Review by Booklist Review
Peripatetic florist Merrick's first book a love story to flowers, and finding beauty in the humblest of places is a composite of journals, lists, practical advice, and photographs and illustrations of both plain and fancy blooms and greens. The book's seven sections how to select flowers, the story of an arrangement, in the city, in the country, fancy things, humble pleasures, and going far away mirror her lives: as a florist, as a resident of Manhattan and her family's summer home, as a traveler, and as an observer of the spectacular and the everyday. The best way to describe this very personal publishing contribution is through Merrick's own words. A miniature vase is a witty wink for a small stem. Use clippings and ask permission to be a gracious forager, she advises. At first glance, sunflowers have no secrets. Poppies are nearly narcotic in a vase. And she shares an untranslatable Japanese phrase about cherry blossoms. This is as much to be experienced as to be read.--Barbara Jacobs Copyright 2010 Booklist
From Booklist, Copyright (c) American Library Association. Used with permission.

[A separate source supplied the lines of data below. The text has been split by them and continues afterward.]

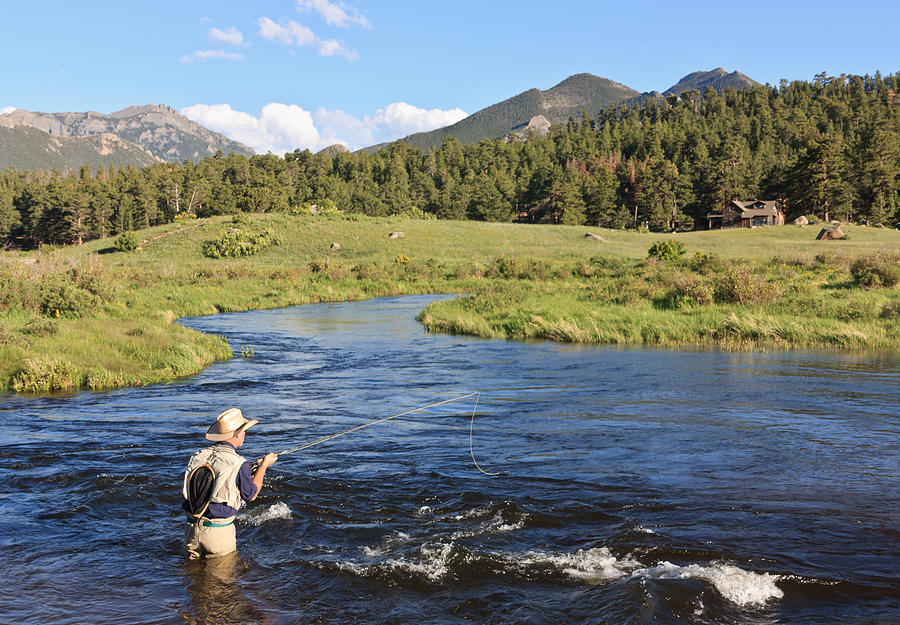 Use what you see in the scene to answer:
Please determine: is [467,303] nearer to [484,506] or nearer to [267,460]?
[484,506]

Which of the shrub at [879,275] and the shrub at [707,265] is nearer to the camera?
the shrub at [879,275]

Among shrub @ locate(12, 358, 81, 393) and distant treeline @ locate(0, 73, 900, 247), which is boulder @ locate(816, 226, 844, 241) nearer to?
distant treeline @ locate(0, 73, 900, 247)

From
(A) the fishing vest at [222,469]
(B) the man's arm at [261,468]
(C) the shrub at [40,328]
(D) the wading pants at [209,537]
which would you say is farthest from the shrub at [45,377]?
(B) the man's arm at [261,468]

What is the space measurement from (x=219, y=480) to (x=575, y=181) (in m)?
126

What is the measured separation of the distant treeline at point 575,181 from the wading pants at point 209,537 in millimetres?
93538

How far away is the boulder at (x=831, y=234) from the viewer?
69200 mm

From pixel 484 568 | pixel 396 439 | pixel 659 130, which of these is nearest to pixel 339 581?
pixel 484 568

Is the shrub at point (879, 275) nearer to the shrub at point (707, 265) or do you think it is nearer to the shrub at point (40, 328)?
the shrub at point (707, 265)

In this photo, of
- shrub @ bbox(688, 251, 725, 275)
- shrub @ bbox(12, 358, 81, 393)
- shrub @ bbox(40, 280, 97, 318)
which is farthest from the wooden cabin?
shrub @ bbox(12, 358, 81, 393)

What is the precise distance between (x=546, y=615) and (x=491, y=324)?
21.6 metres

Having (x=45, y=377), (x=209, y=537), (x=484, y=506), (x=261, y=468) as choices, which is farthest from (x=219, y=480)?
(x=45, y=377)

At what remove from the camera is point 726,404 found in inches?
566

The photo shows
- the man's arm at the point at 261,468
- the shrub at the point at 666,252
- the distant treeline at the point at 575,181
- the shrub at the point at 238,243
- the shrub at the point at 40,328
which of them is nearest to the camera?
the man's arm at the point at 261,468

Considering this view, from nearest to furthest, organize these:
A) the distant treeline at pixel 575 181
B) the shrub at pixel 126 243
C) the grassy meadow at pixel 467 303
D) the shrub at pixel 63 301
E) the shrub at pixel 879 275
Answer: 1. the grassy meadow at pixel 467 303
2. the shrub at pixel 63 301
3. the shrub at pixel 879 275
4. the shrub at pixel 126 243
5. the distant treeline at pixel 575 181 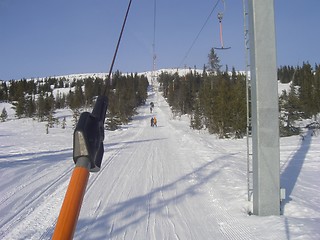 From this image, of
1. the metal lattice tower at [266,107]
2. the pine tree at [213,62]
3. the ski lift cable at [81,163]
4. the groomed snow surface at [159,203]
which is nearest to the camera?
the ski lift cable at [81,163]

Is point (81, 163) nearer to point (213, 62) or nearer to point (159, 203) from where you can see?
point (159, 203)

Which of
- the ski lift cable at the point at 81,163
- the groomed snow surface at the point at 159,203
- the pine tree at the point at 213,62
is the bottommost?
the groomed snow surface at the point at 159,203

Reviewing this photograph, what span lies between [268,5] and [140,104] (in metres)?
104

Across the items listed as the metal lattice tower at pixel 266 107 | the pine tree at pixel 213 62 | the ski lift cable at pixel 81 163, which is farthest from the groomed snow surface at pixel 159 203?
the pine tree at pixel 213 62

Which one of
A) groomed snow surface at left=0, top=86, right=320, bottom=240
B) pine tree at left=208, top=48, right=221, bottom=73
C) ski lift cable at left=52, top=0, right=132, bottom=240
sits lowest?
groomed snow surface at left=0, top=86, right=320, bottom=240

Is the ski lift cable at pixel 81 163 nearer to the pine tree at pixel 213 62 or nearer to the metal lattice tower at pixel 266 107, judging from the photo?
the metal lattice tower at pixel 266 107

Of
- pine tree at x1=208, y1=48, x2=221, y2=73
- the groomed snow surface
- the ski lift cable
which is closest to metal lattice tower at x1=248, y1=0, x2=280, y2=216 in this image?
the groomed snow surface

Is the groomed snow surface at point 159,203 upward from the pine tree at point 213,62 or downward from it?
downward

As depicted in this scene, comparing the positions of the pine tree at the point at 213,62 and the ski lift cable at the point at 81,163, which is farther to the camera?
the pine tree at the point at 213,62

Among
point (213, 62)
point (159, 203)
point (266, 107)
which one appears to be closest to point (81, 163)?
point (266, 107)

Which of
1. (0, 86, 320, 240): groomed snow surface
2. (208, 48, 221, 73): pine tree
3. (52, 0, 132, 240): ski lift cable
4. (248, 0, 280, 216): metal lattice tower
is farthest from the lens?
(208, 48, 221, 73): pine tree

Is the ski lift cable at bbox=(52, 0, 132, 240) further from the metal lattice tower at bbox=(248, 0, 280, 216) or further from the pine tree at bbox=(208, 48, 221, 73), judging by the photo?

Review by Publisher's Weekly Review
Merrick, a stylist turned florist, delivers an homage to all things flower-related in this opulent scrapbook-style gift book that will inspire creativity in some, and envy in others, toward the Instagram-ready lifestyle it portrays. Merrick's trendy use of unstructured, wild-looking bouquets are a key part of the book, as are her accounts how she acquired and honed her style--at Elmwood, her family's summer home in New Hampshire; by collaborating with a Japanese florist in a flower-arranging class; designing informal arrangements for small social events; and picking wildflowers in a Brooklyn parking lot. The perfectly curated evocation of another, more genteel era, through china teacups, gingham wallpaper, and ginger jars--as well as, of course, floral arrangements--should prove seductive to many readers. In one of the most memorable essays, Merrick vividly recalls describing the "smallest bedroom" (her own) where "from my pillow (with its antique, lace-trimmed case), I can watch the moon rising over the lake and see a thousand stars glow over the mountains." There is plenty of aspirational appeal to Merrick's flawless, seemingly effortless arrangements, but longtime floral enthusiasts may find a sense of the perspirational lacking from her expertly appointed guide. (Oct.)